In Ashok Das Lecture on QFT book, pg. 40, the solution of the Dirac equation for the general motion of a free particle with mass $m$ along an arbitrary direction is given by

$$\psi (x)=\int d^4p \ a(p) \delta(p^2-m^2)e^{-ipx}u(p),$$ where $x$, $p$ are the position and momentum 4 vectors.

My question is how does one evaluate such an integral? I know that the dirac delta function $\delta(p^2-m^2)$ picks out the value at $p^2=m^2$. However, there can be many different four vectors $p$ that give $p^2=m^2$. How does one know which $p$ to pick?

Answer 1

With the help of (see Dirac delta function - Composition with a function) $$\delta(x^2-\alpha^2)=\frac{1}{2|\alpha|}\left[\delta(x+\alpha)+\delta(x-\alpha)\right]$$ you can write $$\begin{align} \delta(p^2-m^2) &=\delta(p_0^2-\vec{p}^2-m^2) \\ &=\frac{1}{2\sqrt{\vec{p}^2+m^2}}\left[ \delta\left(p_0+\sqrt{\vec{p}^2+m^2}\right)+\delta\left(p_0-\sqrt{\vec{p}^2+m^2} \right)\right] \end{align}$$

You can insert this into $$\psi (x)=\int d^4p \ a(p) \delta(p^2-m^2)e^{-ipx}u(p).$$

Then you see, only two values of $p_0$ contribute to the integration over $dp_0$, and you are left with a sum of two 3-dimensional integrals over $dp_x\ dp_y\ dp_z$.

Answer 2

The general solution of the free Dirac equation is not just one plane wave with a well-defined momentum, since that is not the most general state of a single particule. The general solution is actually a superposition of waves with all possible momenta (and spins*). So there can be contributions from every $p^{\mu}$ that is on the mass shell, $p^{2}=m^{2}$. There are a continuous infinity of values of $p$ allowed by the $\delta$-function. Another way to see this is that that expression contains just a one-dimensional $\delta$-function, which reduces the four integrations to just three integrations over the spatial components of $p$.

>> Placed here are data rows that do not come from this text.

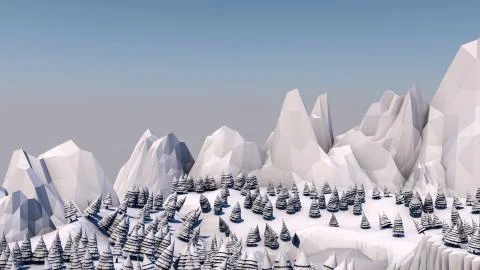 Low poly forest landscape. Illustration. Spruce forest and mountains. 3d render Stock Illustration
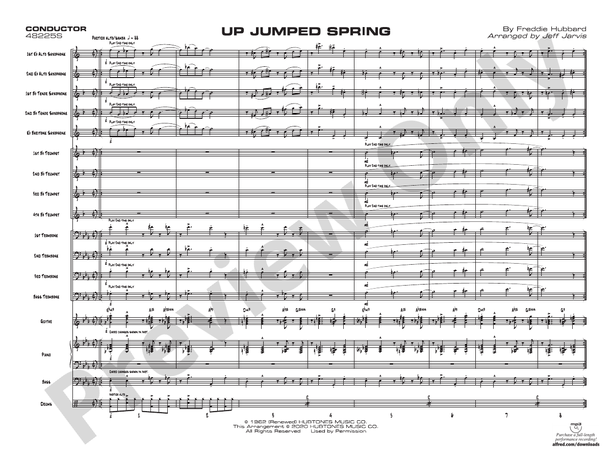 Up Jumped Spring – Jazz Ensemble Conductor Score & Parts (Digital Download)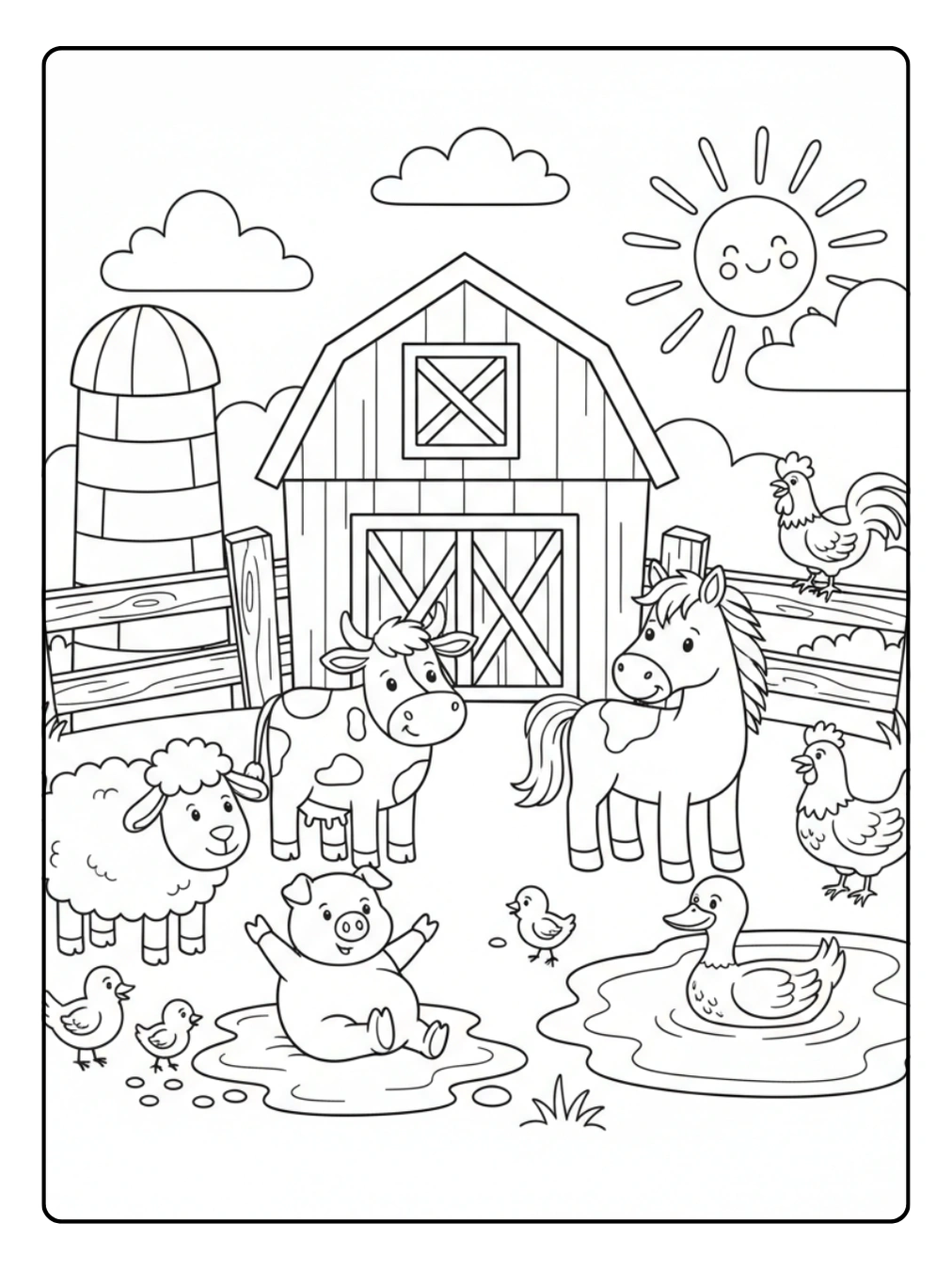Farm Animal Coloring Page with Barnyard Friends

In practice, the only way to do the integral directly is to convert it into a three-dimensional integral over the spatial momenta and work from there. That makes that formula not very useful for practical calculations. What it is useful for is deriving further expressions, in a way that is completely relativistically covariant. That expression treats space and time on equal footing, so it can be used to derive things like the Feynman propagator, which really is useful for practical computation.

*According to the usual notation, that expression is not actually the most general solution. It only includes positive-frequency wave components; negative-frequency waves would have to have different spinors, $v(p)$ instead of $u(p)$.